[ABOUT THIS TASK]: What you give back must match the records below exactly, apart from the pictures, which are omitted.

[MATERIAL PROVIDED]:
**********
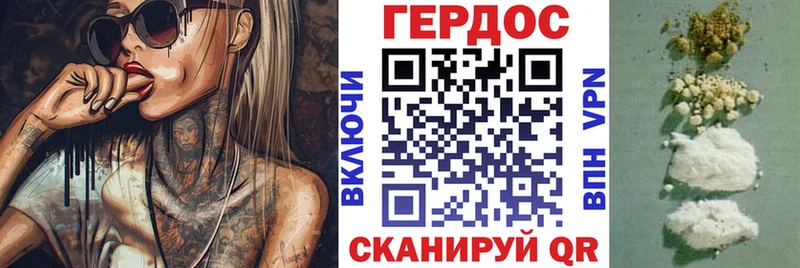 Героин белый  даркнет сайт  Лиски 
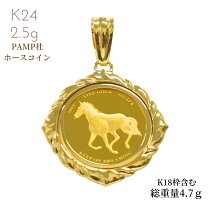 楽天市場】k18 ホースコインの通販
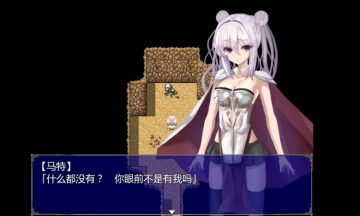 【PC+安卓】马特和泰托拉 精翻汉化RPG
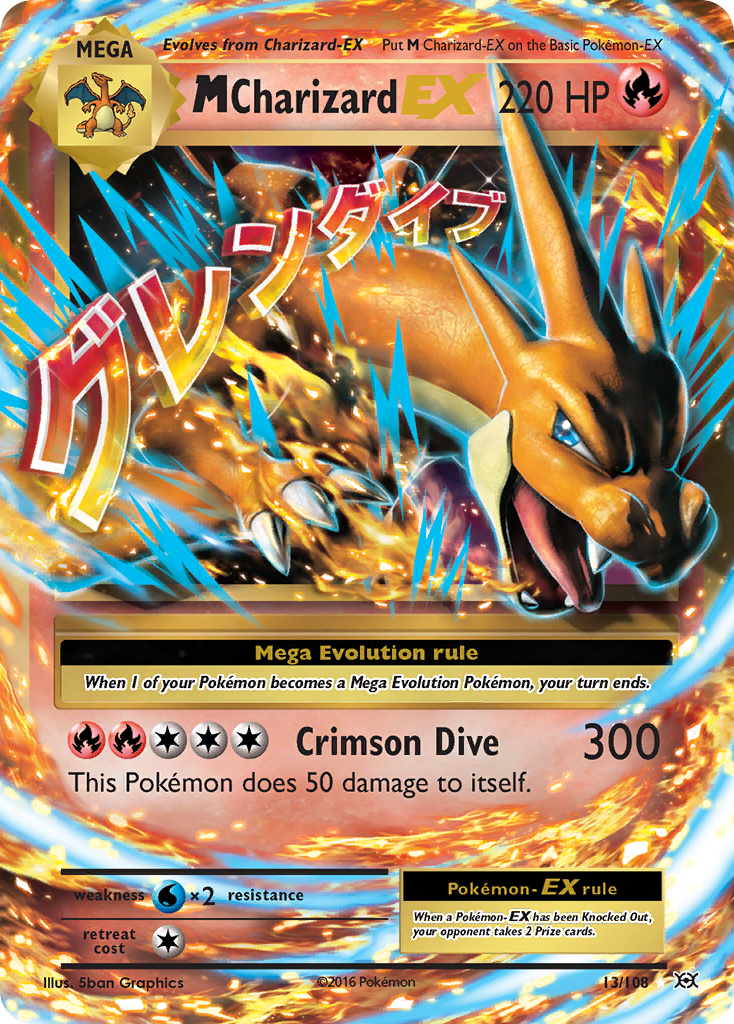 M Charizard EX 13 Evolutions 2016 Pokemon Card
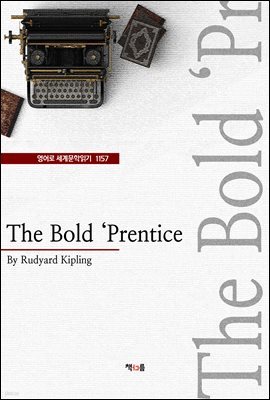 The Bold 'Prentice ( 蹮б 1157)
**********
[YOUR SOLUTION]:
 Героин белый  даркнет сайт  Лиски 
 楽天市場】k18 ホースコインの通販
 【PC+安卓】马特和泰托拉 精翻汉化RPG
 M Charizard EX 13 Evolutions 2016 Pokemon Card
 The Bold 'Prentice ( 蹮б 1157)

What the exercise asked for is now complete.